## Try it
Every line in the listing below from the one with "Vintage Courreges Zip" through the one with "Large Iron Frame" is to be reproduced exactly, both ends included; leave out the rest.

Excerpted data Block Start

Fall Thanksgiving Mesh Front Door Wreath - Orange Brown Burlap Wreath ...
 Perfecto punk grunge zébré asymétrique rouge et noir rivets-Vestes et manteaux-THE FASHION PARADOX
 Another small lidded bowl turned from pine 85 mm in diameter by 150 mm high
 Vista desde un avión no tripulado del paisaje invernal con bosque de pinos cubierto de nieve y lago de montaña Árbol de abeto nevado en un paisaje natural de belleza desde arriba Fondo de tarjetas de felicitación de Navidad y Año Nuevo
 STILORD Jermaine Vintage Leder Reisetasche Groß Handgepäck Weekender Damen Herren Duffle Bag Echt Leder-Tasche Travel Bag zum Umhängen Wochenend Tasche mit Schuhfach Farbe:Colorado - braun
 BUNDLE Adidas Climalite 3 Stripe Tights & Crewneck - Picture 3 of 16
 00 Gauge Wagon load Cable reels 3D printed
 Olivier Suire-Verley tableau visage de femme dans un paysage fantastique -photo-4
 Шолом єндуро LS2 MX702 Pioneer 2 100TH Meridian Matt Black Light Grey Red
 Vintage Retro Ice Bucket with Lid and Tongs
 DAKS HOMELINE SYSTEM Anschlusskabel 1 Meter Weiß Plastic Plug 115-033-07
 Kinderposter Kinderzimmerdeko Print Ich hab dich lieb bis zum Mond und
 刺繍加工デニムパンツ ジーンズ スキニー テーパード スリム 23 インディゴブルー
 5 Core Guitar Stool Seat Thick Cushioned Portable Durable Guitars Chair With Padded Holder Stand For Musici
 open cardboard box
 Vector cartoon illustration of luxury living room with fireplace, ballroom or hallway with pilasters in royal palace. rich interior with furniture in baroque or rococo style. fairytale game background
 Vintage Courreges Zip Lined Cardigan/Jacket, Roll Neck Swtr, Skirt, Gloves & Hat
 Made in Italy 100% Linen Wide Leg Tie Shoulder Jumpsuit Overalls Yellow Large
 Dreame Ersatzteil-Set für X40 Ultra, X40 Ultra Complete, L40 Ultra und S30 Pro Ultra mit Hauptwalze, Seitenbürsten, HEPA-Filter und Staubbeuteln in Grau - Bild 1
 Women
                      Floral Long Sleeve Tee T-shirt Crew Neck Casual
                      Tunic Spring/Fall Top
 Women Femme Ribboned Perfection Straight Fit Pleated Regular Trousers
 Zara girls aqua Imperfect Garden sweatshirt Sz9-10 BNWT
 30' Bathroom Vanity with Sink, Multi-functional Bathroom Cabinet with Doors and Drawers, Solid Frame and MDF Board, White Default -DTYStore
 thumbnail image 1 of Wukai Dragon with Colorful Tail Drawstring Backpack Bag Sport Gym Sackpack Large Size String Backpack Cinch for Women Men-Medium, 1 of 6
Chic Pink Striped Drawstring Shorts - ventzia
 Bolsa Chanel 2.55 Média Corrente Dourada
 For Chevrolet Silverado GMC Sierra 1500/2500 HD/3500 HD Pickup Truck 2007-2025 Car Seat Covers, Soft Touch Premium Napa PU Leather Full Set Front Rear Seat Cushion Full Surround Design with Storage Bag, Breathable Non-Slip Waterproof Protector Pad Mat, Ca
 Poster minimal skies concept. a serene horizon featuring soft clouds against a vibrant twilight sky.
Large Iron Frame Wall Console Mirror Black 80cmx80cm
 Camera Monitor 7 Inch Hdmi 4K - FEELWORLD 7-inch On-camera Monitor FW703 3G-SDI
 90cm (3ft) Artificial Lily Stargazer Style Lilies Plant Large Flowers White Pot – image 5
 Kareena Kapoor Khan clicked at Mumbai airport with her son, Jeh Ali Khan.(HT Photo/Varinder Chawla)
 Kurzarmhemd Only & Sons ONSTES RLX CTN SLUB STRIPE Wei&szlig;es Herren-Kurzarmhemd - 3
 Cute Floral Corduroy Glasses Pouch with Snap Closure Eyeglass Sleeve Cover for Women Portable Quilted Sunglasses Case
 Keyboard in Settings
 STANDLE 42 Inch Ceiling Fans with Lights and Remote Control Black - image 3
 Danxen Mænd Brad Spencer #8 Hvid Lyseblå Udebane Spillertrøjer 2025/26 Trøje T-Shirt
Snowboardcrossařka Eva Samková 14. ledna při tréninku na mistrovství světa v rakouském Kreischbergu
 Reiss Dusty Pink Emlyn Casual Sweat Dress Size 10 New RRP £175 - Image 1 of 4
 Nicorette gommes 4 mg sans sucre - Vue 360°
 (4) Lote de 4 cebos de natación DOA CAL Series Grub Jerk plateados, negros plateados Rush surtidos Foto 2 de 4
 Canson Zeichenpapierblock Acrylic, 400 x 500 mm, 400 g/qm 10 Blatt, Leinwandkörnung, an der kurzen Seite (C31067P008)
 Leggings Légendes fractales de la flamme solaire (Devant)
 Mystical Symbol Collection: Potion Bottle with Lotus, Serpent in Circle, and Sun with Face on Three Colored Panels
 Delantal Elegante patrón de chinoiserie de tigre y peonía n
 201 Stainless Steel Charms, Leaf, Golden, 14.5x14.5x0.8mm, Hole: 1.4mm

Excerpted data Block End

## Answer to the exercise
 Vintage Courreges Zip Lined Cardigan/Jacket, Roll Neck Swtr, Skirt, Gloves & Hat
 Made in Italy 100% Linen Wide Leg Tie Shoulder Jumpsuit Overalls Yellow Large
 Dreame Ersatzteil-Set für X40 Ultra, X40 Ultra Complete, L40 Ultra und S30 Pro Ultra mit Hauptwalze, Seitenbürsten, HEPA-Filter und Staubbeuteln in Grau - Bild 1
 Women
                      Floral Long Sleeve Tee T-shirt Crew Neck Casual
                      Tunic Spring/Fall Top
 Women Femme Ribboned Perfection Straight Fit Pleated Regular Trousers
 Zara girls aqua Imperfect Garden sweatshirt Sz9-10 BNWT
 30' Bathroom Vanity with Sink, Multi-functional Bathroom Cabinet with Doors and Drawers, Solid Frame and MDF Board, White Default -DTYStore
 thumbnail image 1 of Wukai Dragon with Colorful Tail Drawstring Backpack Bag Sport Gym Sackpack Large Size String Backpack Cinch for Women Men-Medium, 1 of 6
Chic Pink Striped Drawstring Shorts - ventzia
 Bolsa Chanel 2.55 Média Corrente Dourada
 For Chevrolet Silverado GMC Sierra 1500/2500 HD/3500 HD Pickup Truck 2007-2025 Car Seat Covers, Soft Touch Premium Napa PU Leather Full Set Front Rear Seat Cushion Full Surround Design with Storage Bag, Breathable Non-Slip Waterproof Protector Pad Mat, Ca
 Poster minimal skies concept. a serene horizon featuring soft clouds against a vibrant twilight sky.
Large Iron Frame Wall Console Mirror Black 80cmx80cm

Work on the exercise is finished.